I am making a large data frame using mutate
with lots of ifelse
conditions. My approach is to not name the columns within mutate because I have many hundreds of these conditions and each time I update one I then have to update them all. Rather I wish to name the columns after the operation outside of mutate
.
Here is some code outlining what Im trying to do
df <- data.frame(a = rnorm(20, 100, 1), b = rnorm(20, 100, 1), c = rnorm(20, 100, 1) )
df2 <- df %>%
mutate(# condition 1
ifelse((lag(a, 1) - lag(c, 1)) < (lag(a, 2) - lag(b, 2)) &
(lag(a, 1) - lag(c, 1)) < (lag(a, 3) - lag(b, 3)) &
(lag(a, 1) - lag(c, 1)) < (lag(a, 4) - lag(b, 4)), 1, 0),
# condition 2
ifelse((lag(a, 1) - lag(c, 1)) < (lag(a, 2) - lag(b, 2)) &
(lag(a, 1) - lag(c, 1)) < (lag(a, 3) - lag(b, 3)) &
(lag(a, 1) - lag(c, 1)) < (lag(a, 4) - lag(b, 4)) &
(lag(a, 1) - lag(c, 1)) < (lag(a, 5) - lag(b, 5)) &
(lag(a, 1) - lag(c, 1)) < (lag(a, 6) - lag(b, 6)), 1, 0),
# condition 3
ifelse(a < b, 1, 0),
.keep = 'none'
)
c_names <- paste('df', rep(1:ncol(df2), 1), sep = '')
colnames(df2) <- c_names
the trouble is mutate
is truncating the col names of the long ifelse
conditions #condition 1
and #condition 2
and lumping them together as ifelse(...)
so I end up with only 2 columns instead of 3.

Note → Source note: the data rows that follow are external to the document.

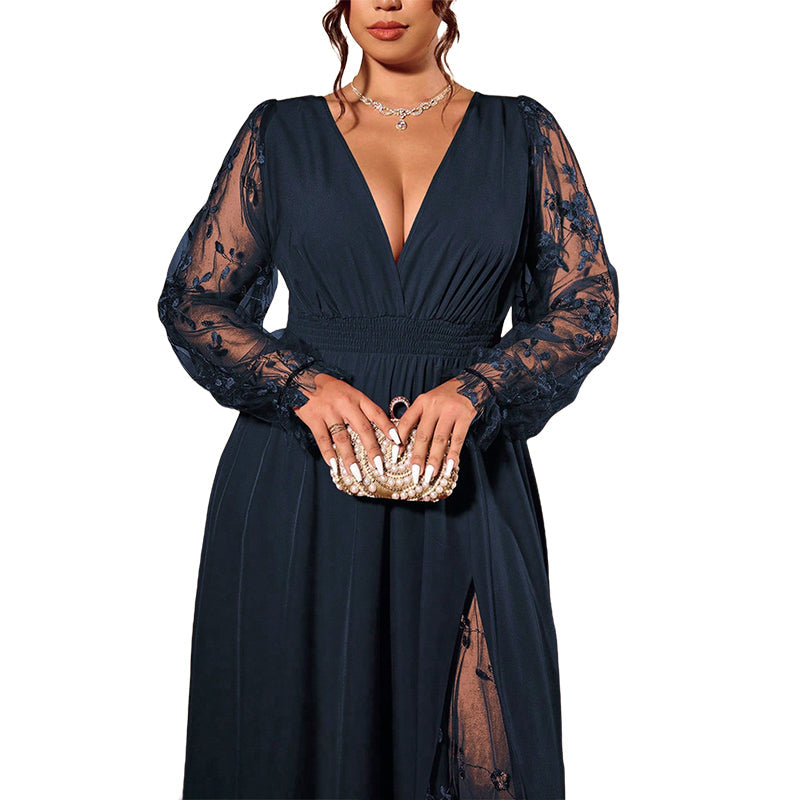 Vestido Celeste – Elegancia Romántica con Encaje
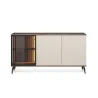 Sideboard VICI K-154 Weiß/Walnuss 154 cm mit Glasfront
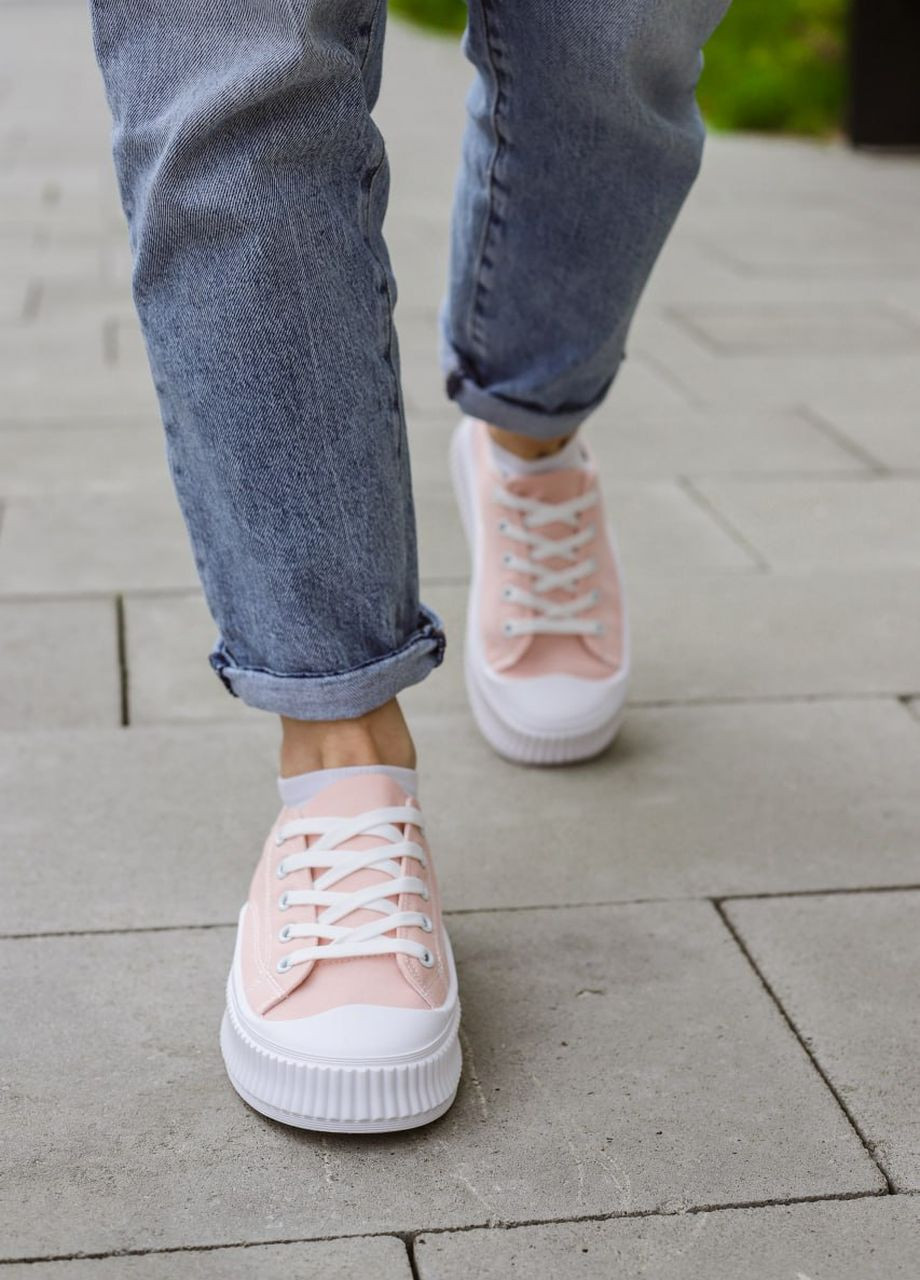 Рожеві кросівки жіночі No Brand Textile Pink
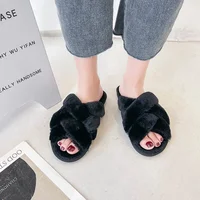 Fashionable Women's Cross Open-Toe Fur Slippers Indoor Home Cotton Slippers Flat Heel Autumn Winter New Arrival Korean Style - Image 4
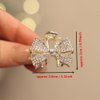 Xiwstar 2Pcs Mini Claw Clips Crystal Rhinestone Bow Hair Clips Small No-Slip Grip Jaw Clips Glitter Teeth Clips Metal Clamps Hair Accessories for Women Girls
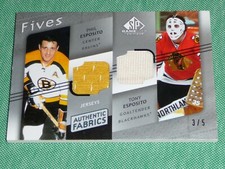 2008-09 SP Game Used "Brothers" FIVES ESPOSITO's / STAAL's 3/5 Fabrics with COA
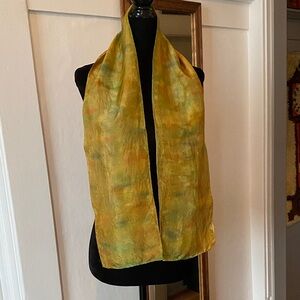 100% Silk Scarf Multicolor Green Gold and Orange Tie Dye Scarf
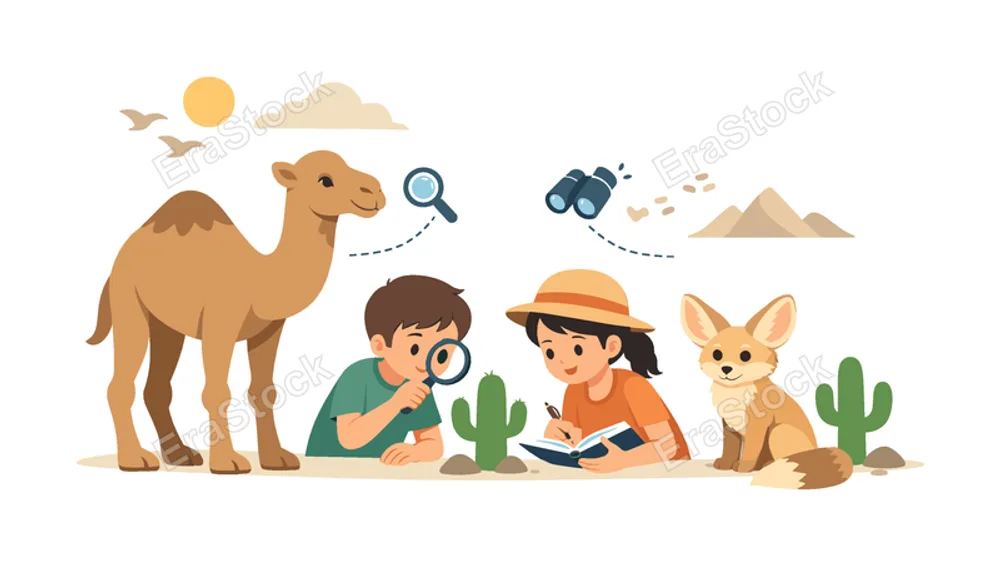 A wildlife nature learning scene inspired by educational chalkboard drawings used to teach children about desert ecosystems, represented with chalk style illustrations of a camel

Is there something I can do to prevent this behaviour or a more efficient way of achieving what Im try to do. I want to avoid manually typing out hundreds of column names for each condition every time I need to update the df.I would ideally be able to map the identity of the condition back to the new column name. For e.g.
df3 = ifelse(a < b, 1, 0)
This is possible when mutate
doesn't repair the column name
You can wrap the columns in data.frame
, which does not truncate the names so heavily. (The mutate
help page notes that the ...
arguments can be "a data frame or tibble, to create multiple columns in the output.")
df2 <- df %>%
mutate(
data.frame(
# condition 1
ifelse((lag(a, 1) - lag(c, 1)) < (lag(a, 2) - lag(b, 2)) &
(lag(a, 1) - lag(c, 1)) < (lag(a, 3) - lag(b, 3)) &
(lag(a, 1) - lag(c, 1)) < (lag(a, 4) - lag(b, 4)), 1, 0),
# condition 2
ifelse((lag(a, 1) - lag(c, 1)) < (lag(a, 2) - lag(b, 2)) &
(lag(a, 1) - lag(c, 1)) < (lag(a, 3) - lag(b, 3)) &
(lag(a, 1) - lag(c, 1)) < (lag(a, 4) - lag(b, 4)) &
(lag(a, 1) - lag(c, 1)) < (lag(a, 5) - lag(b, 5)) &
(lag(a, 1) - lag(c, 1)) < (lag(a, 6) - lag(b, 6)), 1, 0),
# condition 3
ifelse(a < b, 1, 0)
),
.keep = 'none'
)
c_names <- paste('df', rep(1:ncol(df2), 1), sep = '')
colnames(df2) <- c_names
df2
# df1 df2 df3
# 1 NA NA 0
# 2 NA NA 0
# 3 NA NA 0
# 4 NA NA 0
# 5 1 NA 0
# 6 0 0 1
# 7 1 1 1
# 8 1 1 0
# 9 0 0 1
# 10 1 1 0
# 11 0 0 0
# 12 0 0 0
# 13 0 0 1
# 14 1 0 1
# 15 1 0 1
# 16 0 0 1
# 17 0 0 0
# 18 0 0 1
# 19 1 1 1
# 20 1 1 1